Ellipsoid fitting with the Cayley transform
Omar Melikechi, David B. Dunson
TL;DR
CTEF introduces a principled, ellipsoid-specific fitting framework based on the Cayley transform to recast rotation parameters and enforce bound-constrained optimization in Euclidean space. By aligning the fit to transformed data with a carefully designed feasible set, it achieves invariance to translations and rotations and robust performance when data are nonuniformly distributed on ellipsoids, across high dimensions. The method yields interpretable ellipsoid parameters that support dimension reduction, visualization, and clustering, and demonstrates superior performance on synthetic Ellipsoid-Gaussian data as well as real-world tasks like cell-cycle visualization and circadian gene analysis.
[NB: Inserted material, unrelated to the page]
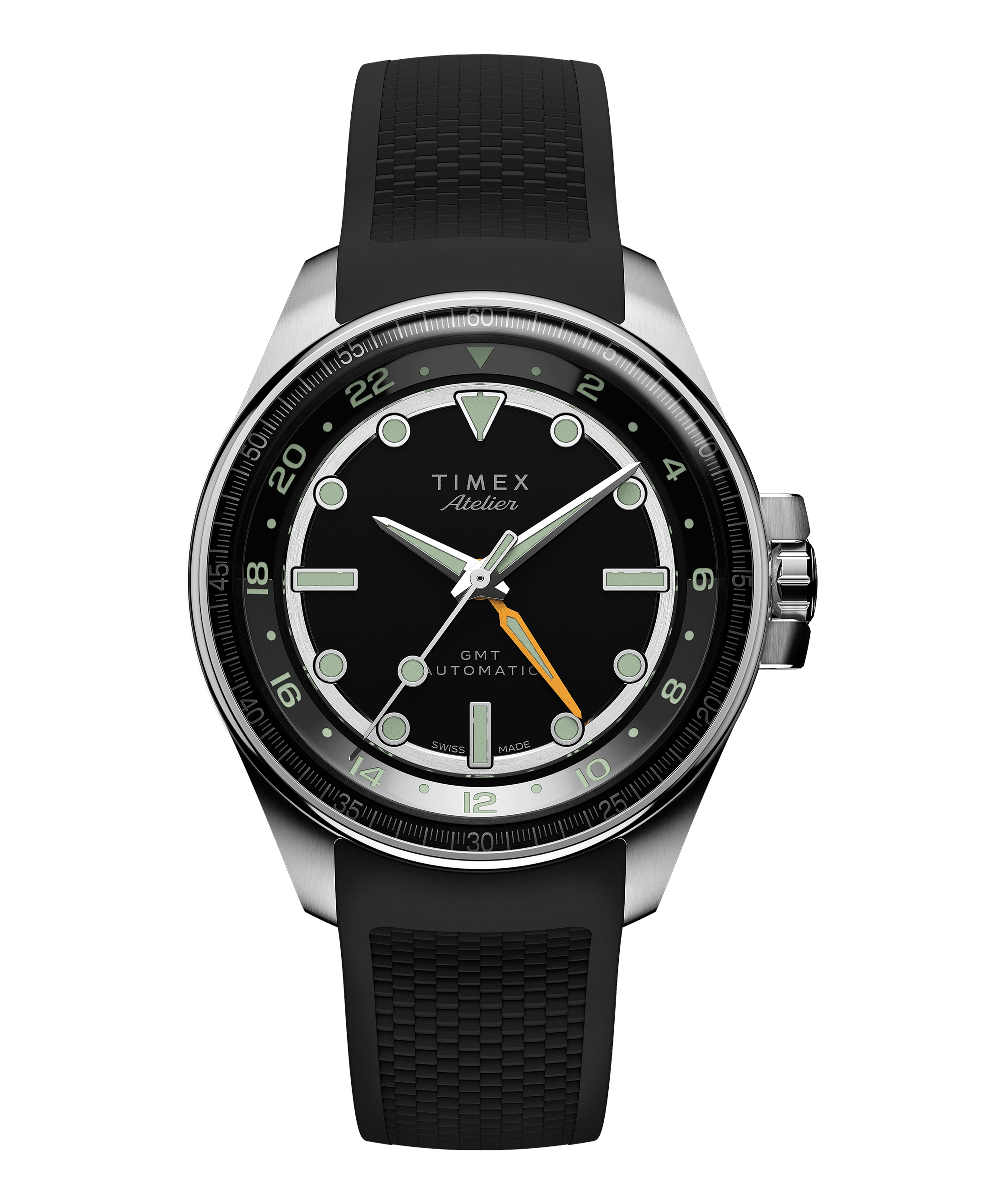 Timex Atelier Swiss Automatic GMT M1A Rubber Band Men's Watch TW2Y72400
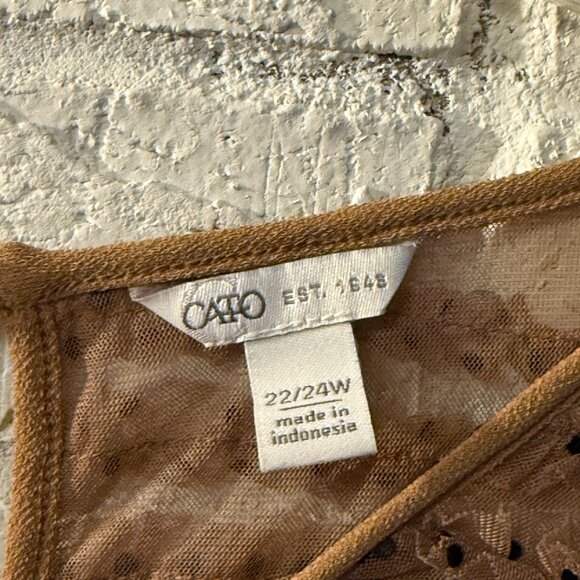 Cato Plus Size 22/24W Sheer Dot Sleeve Blouse – Brown Ruffle Mesh Detail - Picture 5 of 10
While slower than some baselines, CTEF is deterministic and reproducible, with practical runtimes and clear geometric interpretations that make it well-suited for applications requiring stable, global structure recovery.
Abstract
We introduce Cayley transform ellipsoid fitting (CTEF), an algorithm that uses the Cayley transform to fit ellipsoids to noisy data in any dimension. Unlike many ellipsoid fitting methods, CTEF is ellipsoid specific, meaning it always returns elliptic solutions, and can fit arbitrary ellipsoids. It also significantly outperforms other fitting methods when data are not uniformly distributed over the surface of an ellipsoid. Inspired by growing calls for interpretable and reproducible methods in machine learning, we apply CTEF to dimension reduction, data visualization, and clustering in the context of cell cycle and circadian rhythm data and several classical toy examples. Since CTEF captures global curvature, it extracts nonlinear features in data that other machine learning methods fail to identify. For example, on the clustering examples CTEF outperforms 10 popular algorithms.